Rarely do story ballets succeed as both escapist fantasy and provocative drama; the future of the art form, however, depends on it. Michael Pink’s new Mirror Mirror, a reimagining of the Snow White fairy tale for Milwaukee Ballet, is deeply satisfying on both counts. An engrossing story that ultimately celebrates the triumph of good over evil while parodying current obsessions with vampires and ‘desperate housewives,’ Mirror Mirror delivers world-class dancing with production values worthy of Broadway.
Its dark aesthetic echoes that of Matthew Bourne’s Sleeping Beauty and Highland Fling, but with a commitment to classical dance that makes the most of this company’s robust technique. And while the astonishing scenic and costume design by Todd Edward Ivins and magical lighting effects by David Grill deserve special mention, they never overpower the choreography.
We are transported into a world that is both dream and nightmare the moment the curtain rises on Snow White’s mother (the exquisite Valerie Harmon), sitting under one of Ivins’ magnificent metal deconstructions of trees, gazing at shooting stars. A shadowy creature coiled in the branches drops the titular mirror into her lap – a sparkling fragment of star. We know instantly that Harmon is doomed.
In an indeterminate time and place blessedly free of dwarves, princes and cuddly forest animals, Pink spurns the Grimm brothers’ modeling of ideal feminine behavior and Walt Disney’s fetish for cleanliness. The radiant Nicole Teague as Snow White embodies goodness and purity of heart, but she is no shrinking violet, and certainly no slave to housework; charming and feisty, she spends her time scrambling up and down apple trees with the neighborhood boys. She loves one of them – but then, who wouldn’t fall for Alexandre Ferreira, with his poetic physique and heart-stopping allegro technique? Teague’s pas de deux with Ferreira, one in each Act, are among the loveliest moments in the ballet – by turns tender, ecstatic and yearning, without fussy ornamentation, captivating interpretations of composer Philip Feeney’s poignant score.
Snow White possesses a radar for evil that registers the malevolence of her new stepmother Claudia the instant she meets her. The role is a tour de force for the commanding Susan Gartell, who first appears as a menacing bird-like creature with a long black beak, a skeleton painted on her back, and long black fringe dripping from her hips, perched in a tree. Four faceless Demons of the Mirror attend her – Barry Molina, Marc Petrocci, Isaac Sharratt, and José Soares – slithering and slingshotting across the stage in the most unnerving manner.

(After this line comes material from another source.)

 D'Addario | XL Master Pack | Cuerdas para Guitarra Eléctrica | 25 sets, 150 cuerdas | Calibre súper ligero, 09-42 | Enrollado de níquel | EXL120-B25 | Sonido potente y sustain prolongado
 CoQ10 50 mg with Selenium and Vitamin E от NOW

Gartell morphs into a temptress, with a severe Anna Wintour bob, her ingenious haute couture costume changes executed on stage with the aid of dressers in equally spooky get-ups.
We know that the marriage between the evil Claudia and Snow White’s father is damned when Ivins outfits the entire Act I wedding party in a surreal Victorian-biker-goth vogue, with eye-popping variations on the top hat for men and fascinators for women that ensure that faces remain veiled and threatening.